Common Core State Standards
In 2009, the Council of Chief State School Officers (CCSSO) and the National Governors Association Center for Best Practices (NGA) committed to developing a set of national education standards that would help prepare students for success in career and college. On August 2, 2010 the California State Board of Education (SBE) adopted the Common Core State Standards (CCSS) for English language arts (ELA) and mathematics. To date, 45 states, the District of Columbia and the U.S. Virgin Islands have adopted the CCSS.
The CCSS, if implemented with fidelity, has the potential to dramatically improve K-12 education. The common core are more rigorous standards that emphasize critical thinking and problem solving skills, and better prepare students for a competitive, global economy.

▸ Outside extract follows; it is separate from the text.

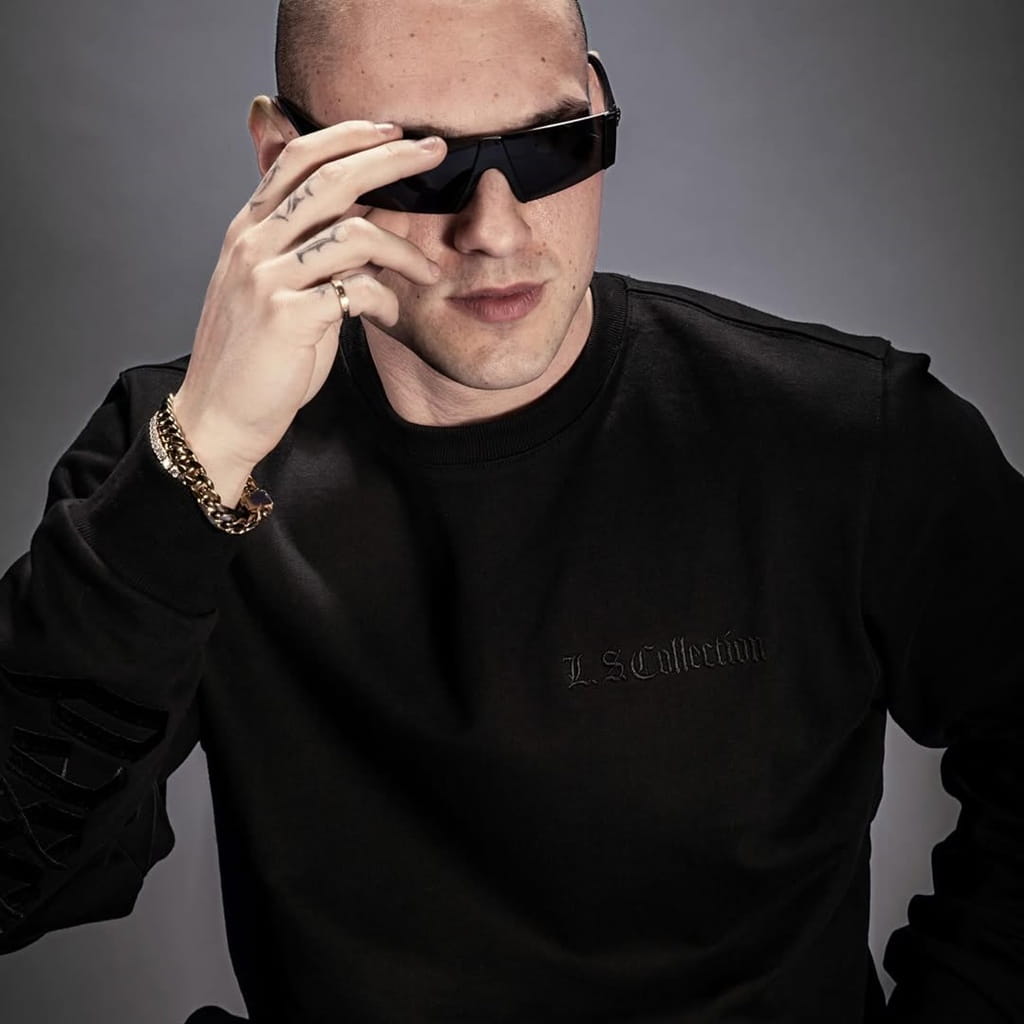 Leo Skepi with sunglassess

College and Career-ready Curriculum
Amid ongoing policy discussions about preparing students for both college and career success, California has begun to embrace several approaches to providing integrated academic and career technical curriculum. The belief is that curricular pathways that link academic and career preparation lead to higher graduation rates, increased college enrollment, and higher earning potential.
The multiple pathways approach, called Linked Learning, allows students to follow industry-themed pathways in one of 15 career industries adopted by the State Board of Education in 2005. The curriculum in each pathway connects classroom learning with students’ interests and real-world applications by incorporating technical content in academic courses and using academic standards in technical curriculum.

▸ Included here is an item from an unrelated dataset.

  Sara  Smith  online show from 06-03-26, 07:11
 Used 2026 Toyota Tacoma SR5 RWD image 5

Two policy changes are taking place simultaneous that have the potential to shift California’s curriculum to have a greater emphasis on career technical education and the Linked Learning approach.
In July 2014, the current statewide student assessment system – the Student Testing and Reporting (STAR) program tests – is scheduled to sunset. With the adoption of the Common Core State Standards, California joined the SBAC consortium, which has developed computer-adaptive tests aligned to the CCSS in ELA and math, and designed to assess college and career readiness. The SBAC assessments currently assess only academic content, which means that foundational career-ready skills and competencies would need to be incorporated into the curriculum of all students in order to be included as test items in the student assessment system.
Additionally, SB 1458 was signed into law in September 2012, which calls for the inclusion of graduation rates in the API and has the potential to include factors aimed at measuring college and career readiness. SB 1458 permits the Superintendent of Public Instruction (SPI) to submit for approval by the State Board of Education (SBE), valid, reliable, and stable measures of college and career readiness.
CSBA provides regular updates to members about the status and implications of policy decisions that could impact curriculum, and provides members with resources to assist in the transition to the Common Core State Standards, the SBAC Assessments, and a new Academic Performance Index.
CSBA is working with ConnectEd, an organization founded by the Irvine foundation to advance practice, policy and research to help students become prepared for both college and career after high school, and is a member of the Linked Learning Alliance. CSBA provides assistance to governing teams that have received grant funding from the James Irvine foundation to implement the Linked Learning approach.